LONDON, UK - International Consolidated Airlines Group (IAG), which owns British Airways, Aer Lingus and Iberia, among other, says the group's consolidated results for the nine months to September 30, 2020 were significantly impacted by the outbreak of COVID-19, particularly from late February 2020 onwards, and with no immediate signs of recovery.
IAG reported its results for the 9 months to 30 September 2020 on Friday.
"Demand continues to be adversely affected by volatile government restrictions and quarantine requirements," a statement published by the group on Friday said.
In response to the high uncertainty of the current environment, IAG says it is now planning for capacity on the fourth quarter to be no more than 30 percent.
"As a result, the group no longer expects to reach breakeven in terms of Net cash flows from operating activities during quarter 4," the company said. "Cost reduction actions implemented across the group, included employee cost reductions in Spain through the use of ERTE arrangements and wage support schemes in Ireland and the UK, together with supplier cost reductions, leading to cash operating costs for quarter 3 reducing by 54 percent from original plans to €205 million per week."
IAG said it expended an extraordinary cost of €275 million in the third quarter related to British Airways and Aer Lingus retrenchments involving approximately 10,000 staff.
Liquidity in the third quarter was boosted by renewal of the multi-year agreement with American Express, including an €830 million payment, a significant part of which is for Avios pre-purchase."
The company also completed a €2.7 billion capital-raising in October.
Passenger capacity in the third quarter was down 78.6 percent on 2019 and for the period of nine months down 64.3 percent compared to 2019.
The third quarter operating loss was €1.3 billion before exceptional items. This compares to the third quarter operating profit of 2019 of €1.425 billion.

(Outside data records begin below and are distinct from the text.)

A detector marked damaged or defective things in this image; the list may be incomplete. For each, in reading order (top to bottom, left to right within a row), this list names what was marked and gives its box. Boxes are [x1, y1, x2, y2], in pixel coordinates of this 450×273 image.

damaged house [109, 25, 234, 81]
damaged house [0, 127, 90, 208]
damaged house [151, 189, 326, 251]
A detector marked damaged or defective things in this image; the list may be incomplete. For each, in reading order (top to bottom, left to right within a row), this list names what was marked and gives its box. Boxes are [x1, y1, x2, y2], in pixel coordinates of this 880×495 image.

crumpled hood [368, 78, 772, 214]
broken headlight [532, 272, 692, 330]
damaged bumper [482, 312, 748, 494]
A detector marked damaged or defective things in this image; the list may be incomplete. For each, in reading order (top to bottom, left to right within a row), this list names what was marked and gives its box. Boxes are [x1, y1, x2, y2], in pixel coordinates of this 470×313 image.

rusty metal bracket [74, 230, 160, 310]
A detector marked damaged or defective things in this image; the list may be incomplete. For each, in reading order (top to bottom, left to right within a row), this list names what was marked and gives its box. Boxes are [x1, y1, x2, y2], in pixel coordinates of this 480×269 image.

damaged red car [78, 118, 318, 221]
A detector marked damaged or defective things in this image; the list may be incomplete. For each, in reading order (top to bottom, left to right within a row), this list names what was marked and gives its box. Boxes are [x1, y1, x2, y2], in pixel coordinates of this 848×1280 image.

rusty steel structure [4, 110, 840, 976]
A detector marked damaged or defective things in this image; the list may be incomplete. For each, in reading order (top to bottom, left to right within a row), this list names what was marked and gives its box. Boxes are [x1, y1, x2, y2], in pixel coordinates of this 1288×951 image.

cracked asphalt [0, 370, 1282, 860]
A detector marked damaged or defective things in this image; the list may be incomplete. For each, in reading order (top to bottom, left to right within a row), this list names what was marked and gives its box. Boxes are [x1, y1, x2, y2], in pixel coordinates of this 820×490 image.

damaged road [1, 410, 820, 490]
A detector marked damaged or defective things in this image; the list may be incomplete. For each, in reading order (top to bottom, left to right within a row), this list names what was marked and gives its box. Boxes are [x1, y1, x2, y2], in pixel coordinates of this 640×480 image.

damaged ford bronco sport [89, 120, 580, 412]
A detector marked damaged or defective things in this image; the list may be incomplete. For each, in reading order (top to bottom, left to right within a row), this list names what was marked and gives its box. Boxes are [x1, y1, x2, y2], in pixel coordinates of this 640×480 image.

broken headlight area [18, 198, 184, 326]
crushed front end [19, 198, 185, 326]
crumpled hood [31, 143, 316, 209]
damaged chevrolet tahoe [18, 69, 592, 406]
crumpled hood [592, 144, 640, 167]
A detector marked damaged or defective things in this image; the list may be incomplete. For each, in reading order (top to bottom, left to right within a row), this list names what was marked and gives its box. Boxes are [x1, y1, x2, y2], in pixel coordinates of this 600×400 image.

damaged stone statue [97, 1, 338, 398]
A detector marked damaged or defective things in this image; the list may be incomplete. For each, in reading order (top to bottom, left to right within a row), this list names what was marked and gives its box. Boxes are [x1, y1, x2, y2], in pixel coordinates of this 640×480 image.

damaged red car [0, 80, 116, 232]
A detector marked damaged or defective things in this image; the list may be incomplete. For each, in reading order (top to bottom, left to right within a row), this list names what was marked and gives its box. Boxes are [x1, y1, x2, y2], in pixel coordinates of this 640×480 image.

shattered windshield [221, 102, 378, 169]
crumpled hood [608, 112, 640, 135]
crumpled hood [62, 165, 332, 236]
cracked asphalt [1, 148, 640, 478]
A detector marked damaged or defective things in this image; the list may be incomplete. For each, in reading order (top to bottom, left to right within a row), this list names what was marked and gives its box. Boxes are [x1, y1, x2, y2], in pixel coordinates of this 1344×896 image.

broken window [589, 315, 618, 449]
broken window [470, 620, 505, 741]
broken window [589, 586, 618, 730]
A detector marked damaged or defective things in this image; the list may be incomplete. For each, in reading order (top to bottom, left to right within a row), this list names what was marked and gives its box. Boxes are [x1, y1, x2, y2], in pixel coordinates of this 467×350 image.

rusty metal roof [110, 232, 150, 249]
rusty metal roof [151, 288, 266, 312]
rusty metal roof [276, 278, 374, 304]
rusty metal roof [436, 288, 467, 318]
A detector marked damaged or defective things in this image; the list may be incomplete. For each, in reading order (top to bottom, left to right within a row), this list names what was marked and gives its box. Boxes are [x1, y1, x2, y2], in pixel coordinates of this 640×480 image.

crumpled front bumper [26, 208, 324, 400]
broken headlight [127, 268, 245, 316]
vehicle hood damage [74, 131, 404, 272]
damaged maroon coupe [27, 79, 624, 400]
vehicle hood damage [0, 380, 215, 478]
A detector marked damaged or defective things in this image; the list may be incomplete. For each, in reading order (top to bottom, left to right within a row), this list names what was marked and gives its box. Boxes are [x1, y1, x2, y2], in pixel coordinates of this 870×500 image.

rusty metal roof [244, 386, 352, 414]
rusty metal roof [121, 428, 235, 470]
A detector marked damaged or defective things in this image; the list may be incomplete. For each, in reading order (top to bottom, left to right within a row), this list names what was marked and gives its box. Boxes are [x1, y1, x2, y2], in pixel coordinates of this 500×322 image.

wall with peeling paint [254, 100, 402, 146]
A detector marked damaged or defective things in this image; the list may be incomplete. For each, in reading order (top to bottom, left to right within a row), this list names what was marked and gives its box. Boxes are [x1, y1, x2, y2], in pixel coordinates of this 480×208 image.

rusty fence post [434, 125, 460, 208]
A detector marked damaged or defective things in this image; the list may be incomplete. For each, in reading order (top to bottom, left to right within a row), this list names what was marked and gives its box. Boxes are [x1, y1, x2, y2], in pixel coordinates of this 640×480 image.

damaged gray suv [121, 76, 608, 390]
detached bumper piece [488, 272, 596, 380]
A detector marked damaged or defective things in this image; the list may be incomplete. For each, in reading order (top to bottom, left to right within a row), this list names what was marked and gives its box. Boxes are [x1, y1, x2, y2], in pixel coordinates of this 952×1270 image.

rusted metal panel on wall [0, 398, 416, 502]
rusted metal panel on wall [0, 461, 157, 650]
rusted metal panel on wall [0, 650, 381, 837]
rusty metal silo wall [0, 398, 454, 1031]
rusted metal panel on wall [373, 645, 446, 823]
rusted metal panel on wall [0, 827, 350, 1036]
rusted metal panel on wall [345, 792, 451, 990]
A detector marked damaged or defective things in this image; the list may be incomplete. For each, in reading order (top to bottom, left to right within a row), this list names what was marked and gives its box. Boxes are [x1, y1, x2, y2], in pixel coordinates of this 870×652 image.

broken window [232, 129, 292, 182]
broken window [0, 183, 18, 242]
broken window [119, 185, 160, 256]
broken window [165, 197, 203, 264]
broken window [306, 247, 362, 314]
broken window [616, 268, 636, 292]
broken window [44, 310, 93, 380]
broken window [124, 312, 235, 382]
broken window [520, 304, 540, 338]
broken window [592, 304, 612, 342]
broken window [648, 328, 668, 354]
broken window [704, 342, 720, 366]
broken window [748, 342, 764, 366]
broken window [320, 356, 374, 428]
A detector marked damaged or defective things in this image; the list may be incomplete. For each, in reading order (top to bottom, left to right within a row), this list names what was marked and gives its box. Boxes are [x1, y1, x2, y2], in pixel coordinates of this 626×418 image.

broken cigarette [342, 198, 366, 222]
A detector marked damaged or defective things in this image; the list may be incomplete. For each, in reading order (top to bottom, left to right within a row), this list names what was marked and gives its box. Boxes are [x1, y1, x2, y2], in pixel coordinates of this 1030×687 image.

The operating loss before exceptional items for the nine months was €3.2 billion, compared to the 2019 operating profit: of €2.52 billion.
"These results demonstrate the negative impact of COVID 19 on our business but they're exacerbated by constantly changing government restrictions. This creates uncertainty for customers and makes it harder to plan our business effectively," Luis Gallego, IAG's Chief Executive Officer, said Friday.
"We are calling on governments to adopt pre-departure testing using reliable and affordable tests with the option of post flight testing to release people from quarantine where they are arriving from countries with high infection rates. This would open routes, stimulate economies and get people travelling with confidence."
"When we open routes, there is pent up demand for travel. However, we continue to expect that it will take until at least 2023 for passenger demand to recover to 2019 levels," said the IAG chief.
"The group has made significant progress on restructuring and we continue to reduce our cost base and increase the proportion of our variable costs. We have also successfully completed a €2.74 billion capital increase in the quarter. It strengthens our financial and strategic position and makes IAG better placed to take advantage of a recovery in air travel demand."